▸ **THE TASK**: Taking the records below, count the lines in which "Free" appears and supply only the count.

(Stored dataset items)
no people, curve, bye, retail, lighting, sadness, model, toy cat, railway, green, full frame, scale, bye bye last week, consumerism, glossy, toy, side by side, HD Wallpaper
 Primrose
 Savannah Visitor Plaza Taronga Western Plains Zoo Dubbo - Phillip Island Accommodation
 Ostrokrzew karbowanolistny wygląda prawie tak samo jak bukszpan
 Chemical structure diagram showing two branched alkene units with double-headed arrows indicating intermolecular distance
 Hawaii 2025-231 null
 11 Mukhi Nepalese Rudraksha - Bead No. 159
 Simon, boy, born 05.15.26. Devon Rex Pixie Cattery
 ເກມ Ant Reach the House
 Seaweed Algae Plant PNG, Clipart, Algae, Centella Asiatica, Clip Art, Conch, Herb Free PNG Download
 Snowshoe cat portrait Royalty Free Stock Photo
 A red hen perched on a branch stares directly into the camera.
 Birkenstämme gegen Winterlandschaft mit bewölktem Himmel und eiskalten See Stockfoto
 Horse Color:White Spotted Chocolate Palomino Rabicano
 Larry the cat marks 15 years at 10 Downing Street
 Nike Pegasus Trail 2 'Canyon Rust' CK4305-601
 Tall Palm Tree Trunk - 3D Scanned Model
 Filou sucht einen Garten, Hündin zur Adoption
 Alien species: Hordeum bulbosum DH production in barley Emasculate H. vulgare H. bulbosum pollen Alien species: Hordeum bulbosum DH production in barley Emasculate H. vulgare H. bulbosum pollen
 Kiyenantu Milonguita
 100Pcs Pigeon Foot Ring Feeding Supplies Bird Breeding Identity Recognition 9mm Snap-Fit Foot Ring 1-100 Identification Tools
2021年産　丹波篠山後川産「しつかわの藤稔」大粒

▸ **RESULT OF THIS EXERCISE**: 2